With tax season right around the corner, there’s no better time to get all your financial books from the last year in order, take a good look at the balance sheet, and decide on the directions you’re going to take your finances in the coming year.  For some of you, that will mean finally getting a handle on your debt.  For others, it will mean finally paying off your debt.  And for more of you, it will mean finding the best ways to make your money work for you as you build your net worth and make strides towards financial independence.

For those in that last group of people, this post isn’t likely to help much, but you might want to take a peek at my Lending Club page for a great way to keep your money working for you.  The rest of you, stick around.

Reformulate your debt

January Financial ResetIf you’ve still got debt hanging around, a new year financial reset is a great time to investigate reformulating it. What the heck does that mean?  It means taking a good look at the debt that you’re carrying, and considering the options you may have to pay it off earlier.
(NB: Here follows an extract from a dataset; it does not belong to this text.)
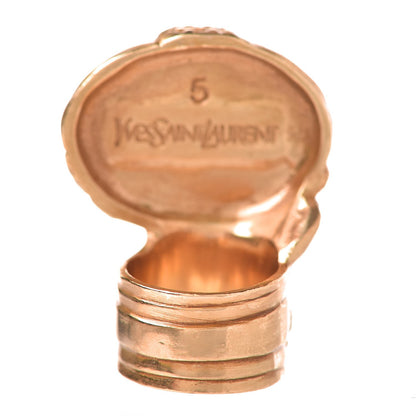 Saint Laurent Glass Cabochon Arty Ovale Ring 5 Gold Turquoise 3 of 5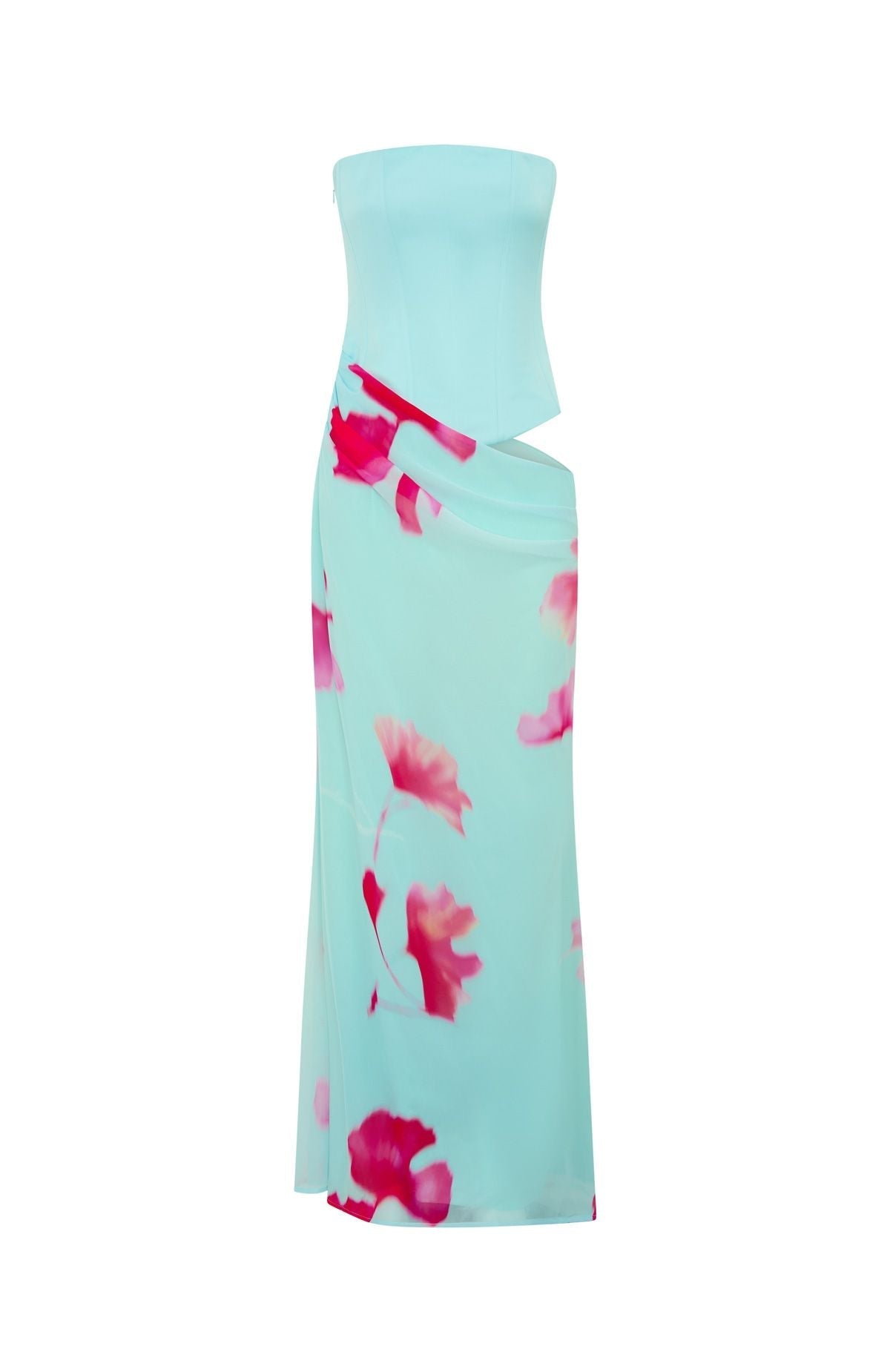White Fox Peach Fizz Strapless Maxi Dress Amalfi Muse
  • Reduce the rates: The worst feature of credit card debt is the interest rate that they like to charge.  12%, 15%, 22%, or more.  The interest payments eat into any payment you make on the debt quickly, and make it that much harder to make any meaningful progress.  If’ you’ve got good credit, consider finding some good 0% balance transfer cards to transfer your existing balances to.  You should be able to find something with a 12 to 15 month 0% rate.  Be aware of the balance transfer fee when you do this, but otherwise it can be a good way to help you make some good progress on your credit card debt repayment.
  • Refinance: In some cases (mostly secured debt) you may want to look into a refinance of the loan.  If you can reduce the rate on a loan and extend the length of it, it can free up some of your debt repayment money to go towards loans with higher rates and speed up your debt snowball.

Recalculate your debt snowball

Now is also a really good time to update all the numbers on your debt snowball plan.  (or debt avalanche if you’re so inclined) Unless you’ve been keeping it updated throughout the year, the numbers are probably pretty out of date, and need to be freshened.  Take the time, while you’re doing this, to determine if you need to move one debt ahead of another, or if you can afford to increase the snowball payment to speed it up.

Seed your budget

Your budget can be the lifeline for your financial life.  It’s a blueprint for how you’re building your financial house.  Even a simple budget can help tremendously, and the beginning of the year is a great time to give your budget a full inspection (or just to start one) and make sure that it’s got all the categories you need, that it’s still balancing, and for planning out where you’re going to focus your efforts in the new year.

Examine your bills

We all get bills throughout the month.  In many cases, we throw them in a pile, then enter them into bill pay, (or, gasp, write checks) and then forget about them until they show up the next month.  While you’re going through your finances from the previous year, pay attention to the bills that you’re paying.  Are there bills that have increased?  How about ones that you meant to cancel the service but didn’t?  Or maybe there are some that you just haven’t called to try and get a better rate for?  Know what time it is?  You guessed it.  It’s time to cancel that service. It’s time to call and see why the rate increased, and if there’s a change you can make to get a better rate.  It’s time to compare your services with their competitors and see if there isn’t a better rate/service available out there.  You may think it’s a waste, but you could end up saving hundreds a month.  And that can quickly make your debt snowball grow!

Keep on your financial path

Here’s the most important thing you have to take away from this post.  You’ve got to keep on that path.  Once you’ve done the things above, you’ve taken some really solid steps on your path to being debt free, but they’ll only work if you keep working with them.  Keep that budget going, keep a close eye on your bills, keep your snowball updated, and know how much debt (and at what rate) you have left.  Whether your debt feels like a mountain, or just a molehill, knowing the what/when/where of it make the climb that much easier.

Will you take the time to do a January Financial Reset?